The federal government has said Nigeria is not in economic collapse but is going through a difficult adjustment process aimed at correcting long-standing structural problems in the economy.

Director General of the Budget Office of the Federation, Dr. Tanimu Yakubu, made this known in a statement issued in Abuja, where he acknowledged the hardship currently being experienced by Nigerians but insisted it reflects a deliberate reform process.

“The current hardship, though undeniable, reflects a deliberate process of correcting structural imbalances that have persisted for years,” he said, adding that “distress is evident, but it must not be mistaken for systemic failure.”

Yakubu explained that countries facing true economic collapse do not carry out key reforms such as unifying exchange rates, rebuilding foreign reserves, regaining access to international capital markets, or improving government finances. He noted that Nigeria is making progress in these areas despite ongoing challenges.

He said for years the country operated an economic system that appeared stable on the surface but was weakened by deep inefficiencies, including fuel subsidies, multiple exchange rate windows, and heavy government spending that encouraged profit-making through arbitrage rather than real production.

According to him, these policies largely benefited a small segment of the population while placing hidden costs on the wider economy. Their removal, he said, has exposed the true cost of running the system, leading to higher prices but also improving transparency and restoring confidence in economic management.

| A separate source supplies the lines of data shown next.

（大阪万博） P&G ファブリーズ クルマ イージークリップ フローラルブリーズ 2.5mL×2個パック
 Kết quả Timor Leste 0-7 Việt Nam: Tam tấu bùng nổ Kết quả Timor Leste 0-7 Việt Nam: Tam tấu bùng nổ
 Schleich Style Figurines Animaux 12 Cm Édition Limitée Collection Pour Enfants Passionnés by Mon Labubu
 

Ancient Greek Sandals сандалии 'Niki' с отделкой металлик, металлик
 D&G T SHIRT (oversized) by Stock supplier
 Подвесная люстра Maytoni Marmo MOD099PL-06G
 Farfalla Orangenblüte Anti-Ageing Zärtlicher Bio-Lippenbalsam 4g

On government finances, Yakubu said recent data shows improvement following the removal of the fuel subsidy, with revenues shared under the Federation Account rising by more than 40 percent. He attributed this to better remittance practices and reduced leakages.

He added that Nigeria’s public debt remains below 30 percent of Gross Domestic Product, describing it as moderate compared to other emerging economies, while external reserves have risen above $40 billion, based on figures from the Central Bank of Nigeria.

At the state level, he said higher revenues are helping governments meet salary obligations more regularly, with some states introducing adjustments to cushion the effect of rising prices, an indication of improving fiscal space.

The Budget Office boss identified inflation as the most immediate challenge facing the country, linking it to exchange rate changes, higher energy costs, and long-standing supply constraints. He noted, however, that global experience shows such inflationary pressures are often temporary when reforms are sustained.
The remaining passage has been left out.